John Humphrys, of Radio 4's Today programme, described it as an "icon of hope", an "almost biblical image" that would stay in our minds long after the world had moved on from Haiti. It appeared in almost every newspaper and on The Independent's front page. "It captures the extraordinary power of the human spirit," Humphrys wrote in the Daily Mail.

I looked at the picture and I, too, felt the heart's tug of a dramatic rescue. Kiki seemed to express the triumph in his beaming face and raised arms, reflecting that of his rescuers. A living being – a child – had been seized from the ruins, rather than another mangled corpse.

Then I looked again and thought there was something odd.
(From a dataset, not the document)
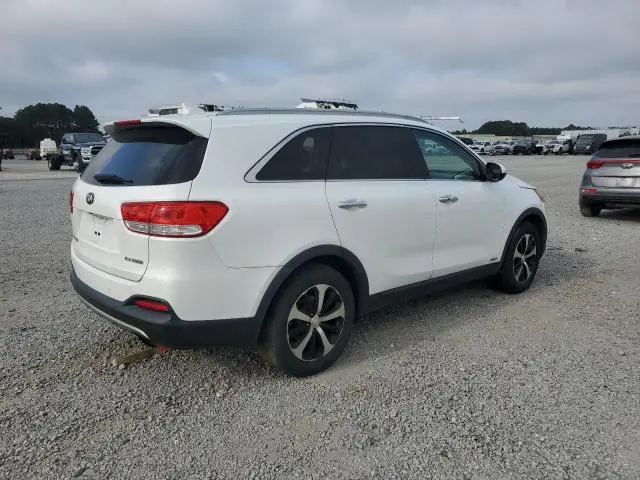 2016 KIA SORENTO EX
Kiki is eight years old. He had been buried for seven days. He had no food or water (except possibly rain water) and no comfort from a parent or other human being. There had been no one to soothe him, calm his fears, or urge him on. He had endured physical and mental torture. Alone. For seven days. Then he was brought out of his tomb and there was his mother. How would he greet her?

Kiki did so with a dazzling smile and outstretched arms, as if he were winning a race, or celebrating a school prize. It was a gesture of triumph and it was echoed by the outstretched arms of the rescuers who had dug him out.
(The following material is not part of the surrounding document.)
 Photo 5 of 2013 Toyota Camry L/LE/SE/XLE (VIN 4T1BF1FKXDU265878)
But was it a true reflection of his feelings? What might he have felt after such an ordeal? He had been through intense terror, followed by intense relief. You might expect him to have shed a tear – or a river of tears.

Armchair psychology is a tricky game. But I cannot help wondering whether what we are looking at in the picture is a moment after Kiki's rescue when – his initial overwhelming emotional response past – he is able to greet his mother and his rescuers in a way that he, and they, would want remembered.

***

Cancer experts announced another advance last week – but it was the kind which you wonder whether they might have preferred to pass over in silence. A team of scientists from the Institute of Cancer Research in London found that a drug used to treat advanced melanoma, the lethal skin cancer, might actually accelerate tumour growth in a quarter of patients. So instead of curing patients, the drug killed them. Why? Because they had the wrong type of genes. In those with the right type, the drug is showing positive results.

This is more evidence of what doctors have known for years but is less familiar to the public. Using drugs to treat illness is like picking off an enemy in a crowd with a blunderbuss. You do a lot of collateral damage. We have long way to go to develop the medicinal equivalent of a sniper's rifle.